You smile sweetly at me, the wind brushing your hair against your neck and upper arm. You offer me your hand, and I take it with a sense of loving pride. Together, we look out over the river as the current pushes us forward, down, down, down the ash-silver river.
“How are you doing?” I ask, looking up and staring into the jade green eyes I’ve obsessed over since the day I met you. “Are you lonely?”
You shake your head. “I’m not lonely, of course. I have you here with me.”
“Are you bored?” I’m getting worried that he is.
“No. You entertain me every day. You bring the fun into my life.” You give me a sideways glance. “Are you worried about me? I’ve told you many times, I’m okay.”
“Okay,” I concede. “Okay. I was just checking.” I resist the urge to delve deeper into more questions. I decide to enjoy the peace and quiet of the ash-silver river instead.
The ash-silver river is quiet, yet at the same time not quiet. I can’t hear the sounds of the outside world, the screams and the shouts and the everyday rising cacophony of life. I can hear myself. And I can hear you. These are the sounds I can’t hear anywhere else anymore, with all of these changes.
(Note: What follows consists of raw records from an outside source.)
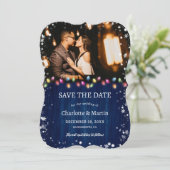 Navy Blue Wood Kerstverlichting Vakantie Trouwen Save The Date (Staand voorkant)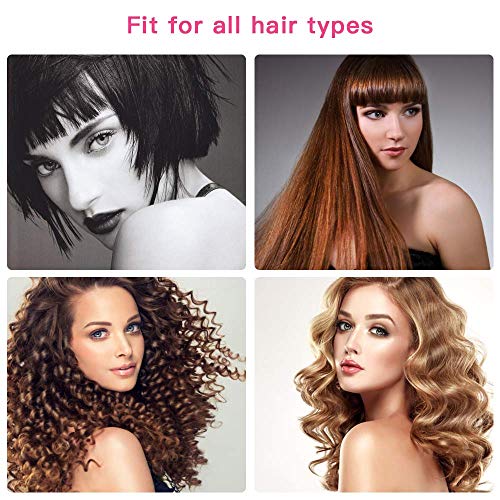Hair Blow Dryer Brush One Step Hair Dryer and Volumizer Hot Air Brush Ceramic Electric Blow Dryer 3 in 1 Negative Ion Hair Straightener Curler Brush Salon Oval Comb with 4pcs Hair Clips (rose)
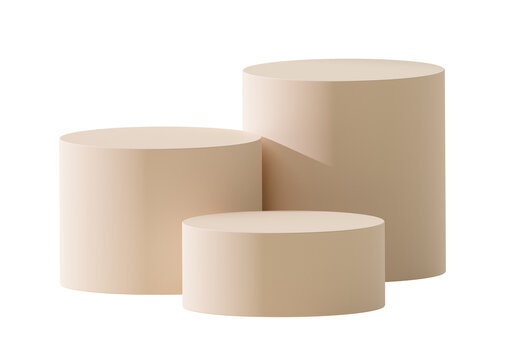 Empty 3D beige cylinder pedestal podium stand product display mockup isolated on transparent png background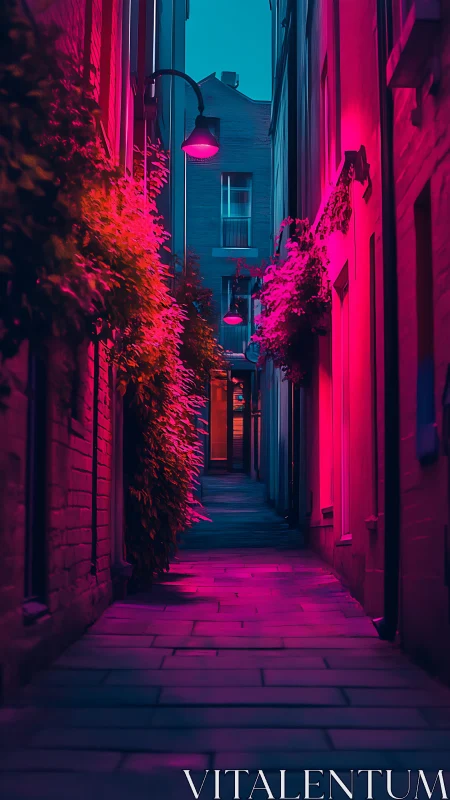 Neon-lit urban alleyway with magenta cyan contrast lighting.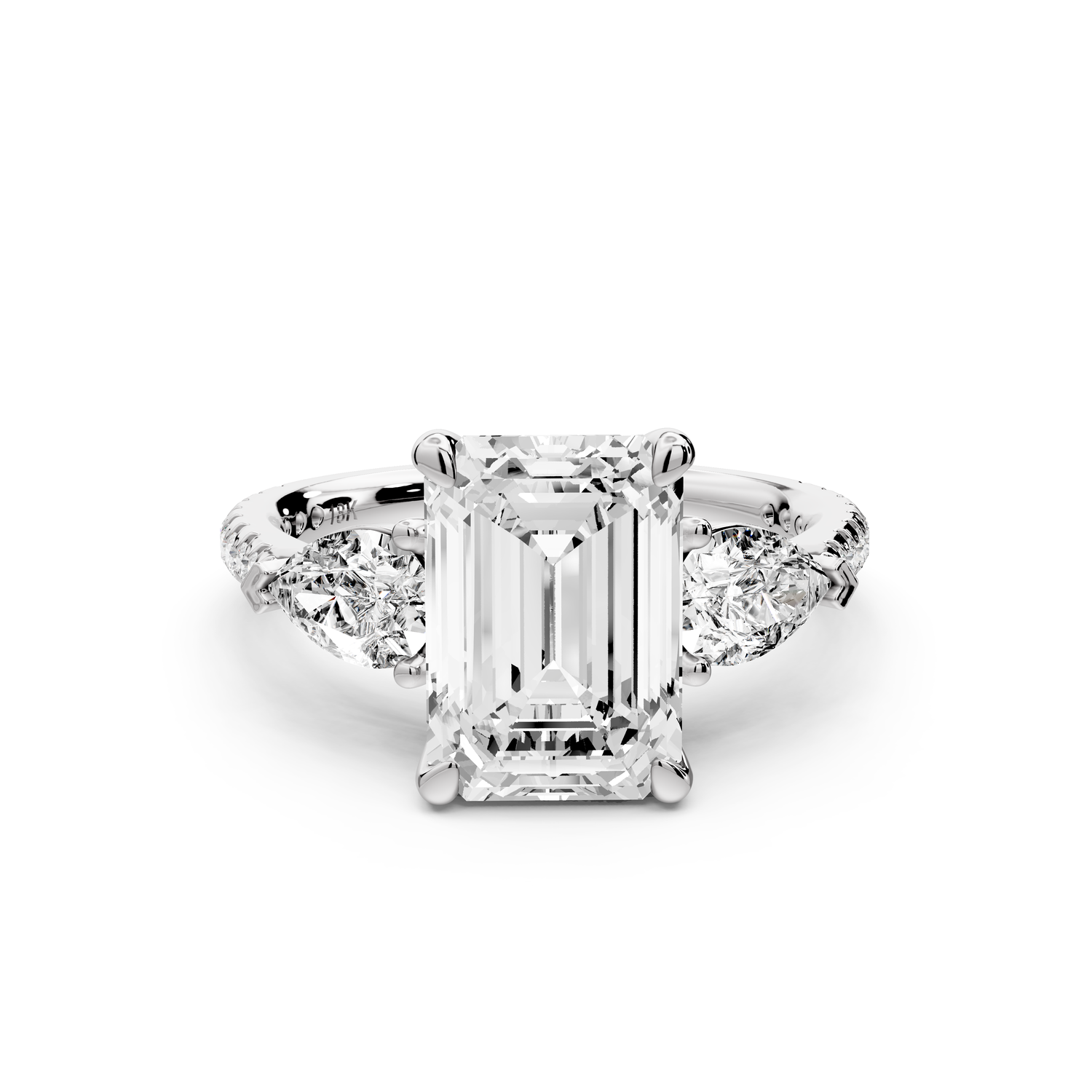 Alma - 3ct 14k white gold emerald center stone with two pear shaped diamonds and pavé. Three stone oval and pear Engagement ring with Pavé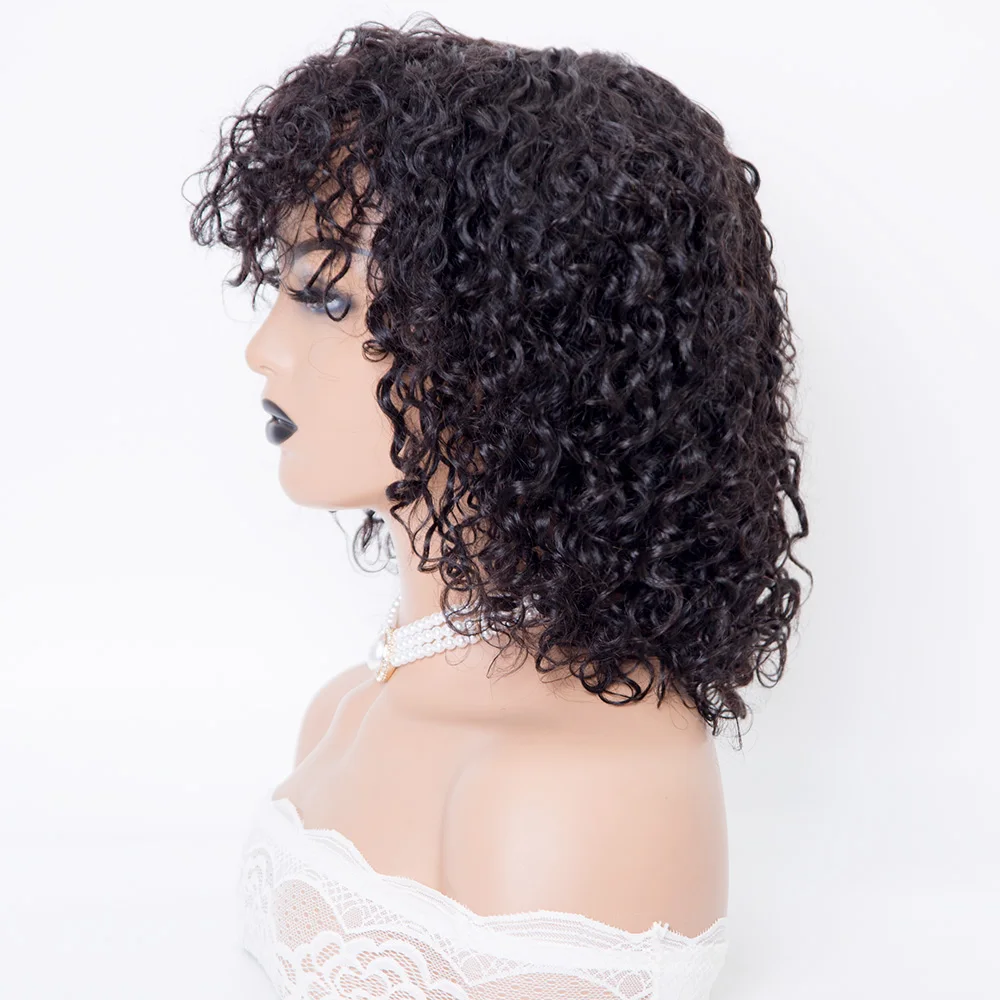 New arrival curly texture full machine made human hair wig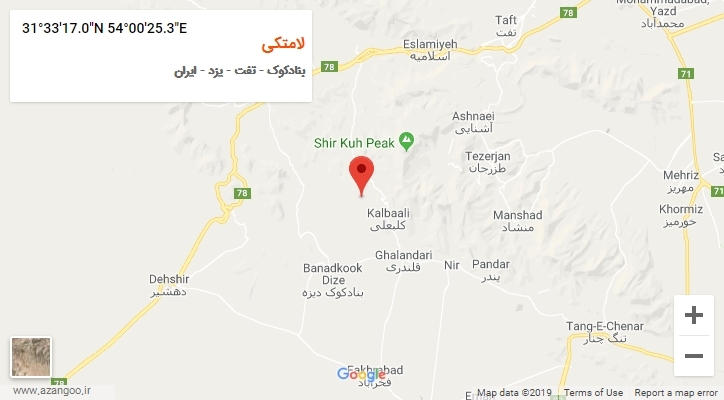 روستای لامتکی بر روی نقشه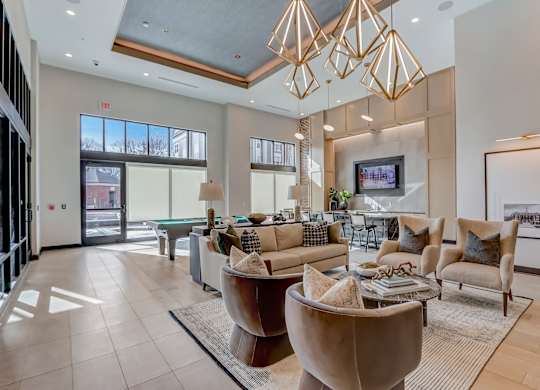 a living room with couches and chairs and a table and a pool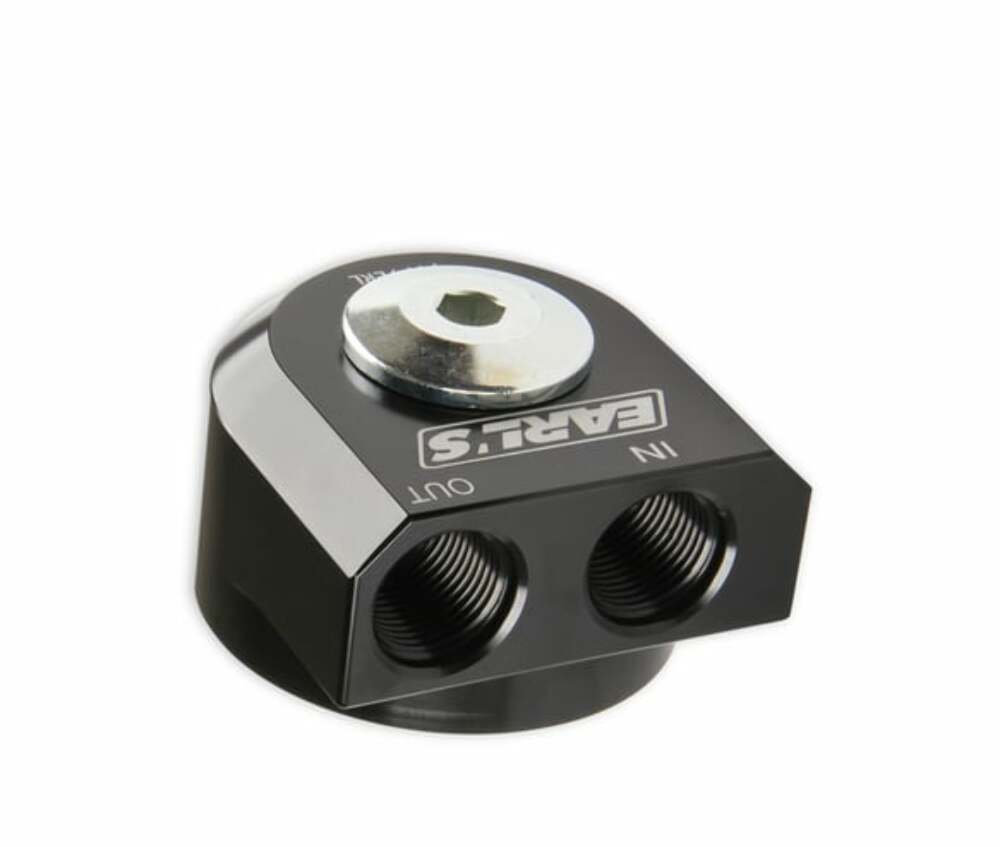 Remote Oil Filter Adapter - 1179ERL AN fitting black aluminum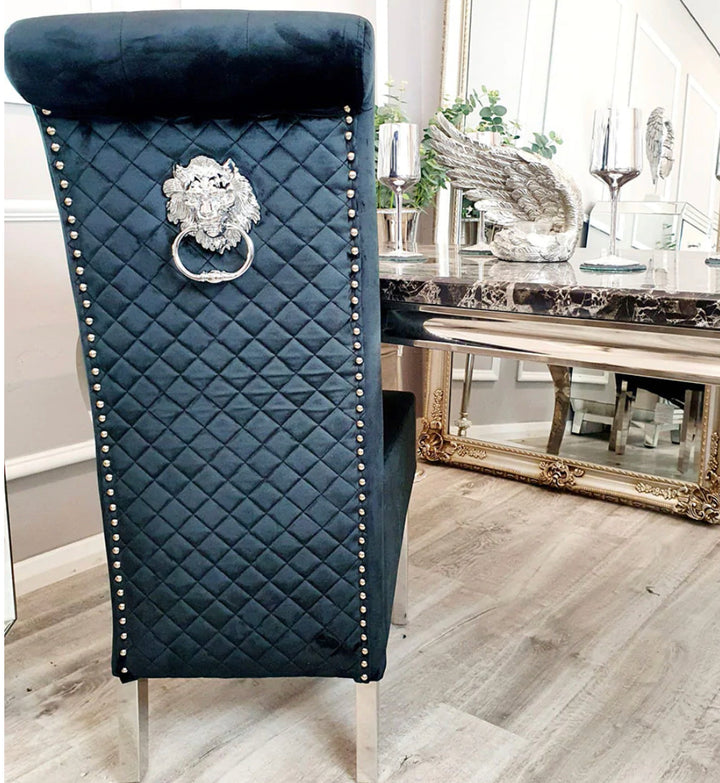 Louis Black Marble Dining Table With Black Sofia Chairs With Lion Knocker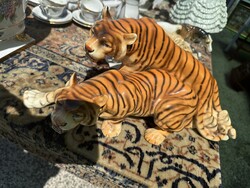 Royal Dux porcelán tigris pár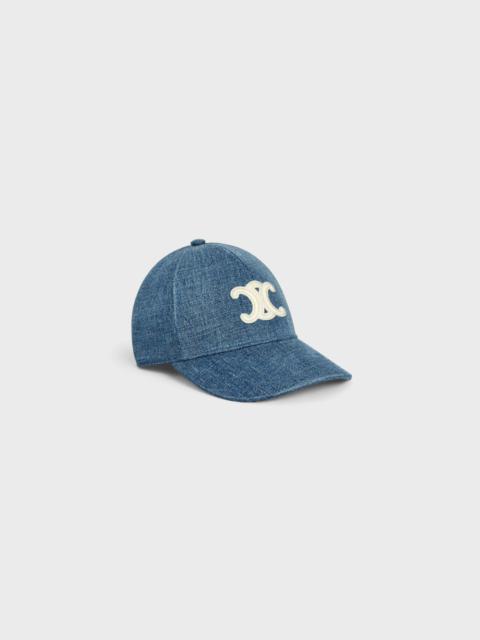 CELINE TRIOMPHE BASEBALL CAP IN DENIM UNION WASH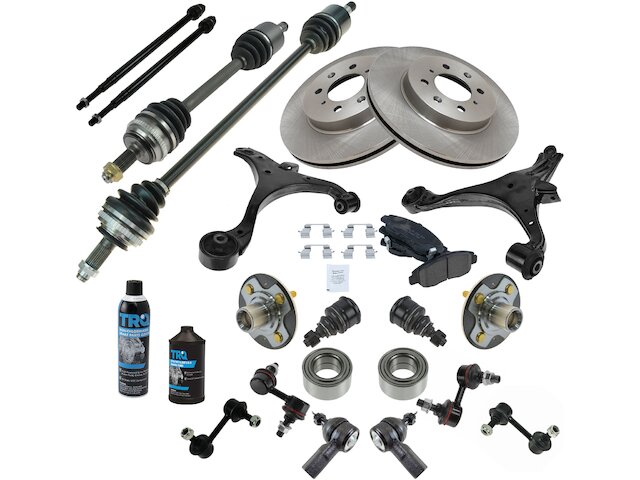 Front and Rear Brake Pad Rotor Axle Wheel Hub Control Arm Kit - 2001-2005 Honda Civic 1.7L 4-Cylinder - TRQ 6013-02806016
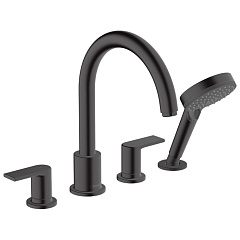 Смеситель для ванны/душа Hansgrohe Vernis Shape на край ванны, 4 отверстия (внешняя часть), черный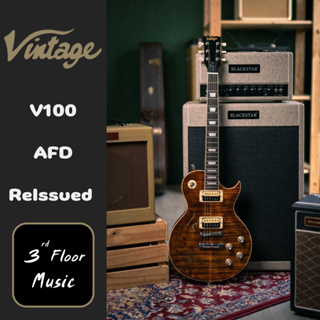 Vintage V100AFD ReIssued Electric Guitar-Flamed Amber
“Do you ever wonder what’s out there?” I ask wonderingly. “Beyond the stars, invisible to us. What we can only see through our imagination.”
“I don’t know,” you say, looking out. “I’ve always wanted to know.”
We stare out in silence as our small boat drifts down the ash-silver river. Through the world, through endless life. Through everything imaginable.
The ash-silver river gives out misty air. It seeps into our faces, coats our noses. It’s a distinct feeling, that mist. One I’ll never, ever forget. I lean my head down, wanting to feel it. You join me, gripping the boat and staring down, having the time of our lives.
I lean back and sit against the rim of the boat. You wrap your arms around my waist. I dip my toe into the ash-silver river, then immediately bring it back up, the water splash, splash, splashing. The ash-silver river is icily cold, but also warm in a way. Welcoming. Providing hospitality to all. I slowly dip my feet back in, feeling the running water pushing through them.
We sit together for an endlessly long time. I don’t know how long. The sky fades to a midnight blue, then to a purplish tint. The stars only get brighter and brighter.
The world continues to spin as we go down the ash-silver river. The Earth continues to orbit the sun. The bees still shove their way into the flowers, the trees continue to give us their oxygen. And we stay, watching the world continue on.
We stay, knowing we’re doing just as much as the bees and the Earth and the trees, being here for each other.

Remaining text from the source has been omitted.